Shirley MacLaine on Younger Brother Warren Beatty’s Oscar Flub: ‘We’re All Processing the Horror of It’

Shirley MacLaine is standing by her younger brother Warren Beatty following Sunday night’s Oscar fiasco.

MacLaine, 82, was in the audience when Beatty and Faye Dunaway incorrectly declared La La Land the winner of the Best Picture prize instead of Moonlight after the actor was handed the wrong envelope.

“I think we’re all processing the horror of it,” MacLaine told USA TODAY. “I’m still dealing with it.”

MacLaine, who presented the award for Best Foreign Language Film at the ceremony, said she felt her brother’s pain following the incident.

“I’m concerned with how must have felt being so close to him,” she said. “I’m three years older and I’m protective. We know how difficult it was for him, but it was also for me.”

The accounting firm PricewaterhouseCoopers has since taken responsibility and apologized for giving Beatty the wrong envelope — he was handed Emma Stone’s Best Actress card instead of Best Picture — calling it a “human error” but admitting they did not “act quickly enough.”

And while the mix-up was quickly rectified on stage, MacLaine said she “immediately” called her brother.

“He was backstage dealing with what he was going through. He didn’t answer his phone,” MacLaine says. “And then I called the home and answered and we talked.
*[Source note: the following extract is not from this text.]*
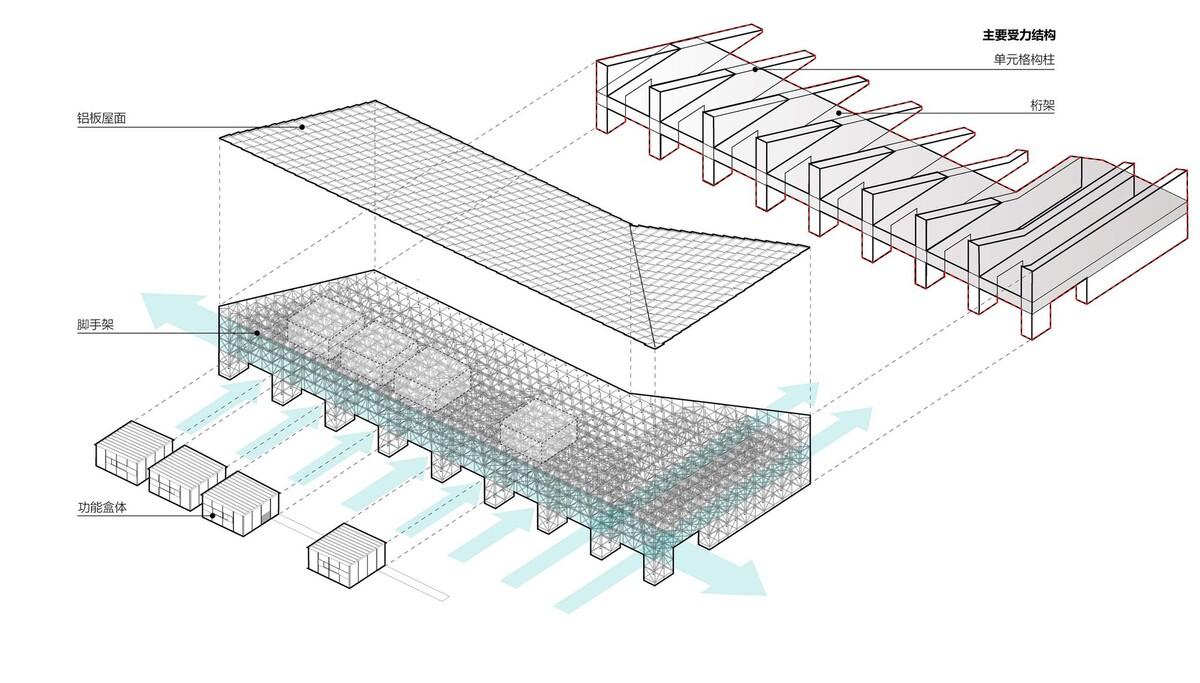 m6 _轴测拆解图及主要受力结构示意_原作工作室绘制.jpg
And that’s all I’m going to say.”

Bu the situation continued to haunt her into the night, causing her to leave the Vanity Fair afterparty early. “I just wanted to go home. It’s something to really think about, what if it happened to you?” she said.

On Tuesday, Beatty called on Academy of Motion Picture Arts and Sciences president Cheryl Boone Isaacs to publicly explain the incident.

“Rather than for me to respond to questions from the press about the Academy ceremony, I feel it would be more appropriate for the president of the Academy, Cheryl Boone Isaacs, to publicly clarify what happened as soon as possible,” Beatty said in a statement to Entertainment Weekly.

Boone Isaacs announced on Wednesday confirming that the two PricewaterhouseCoopers accountants involved will not work the awards show again.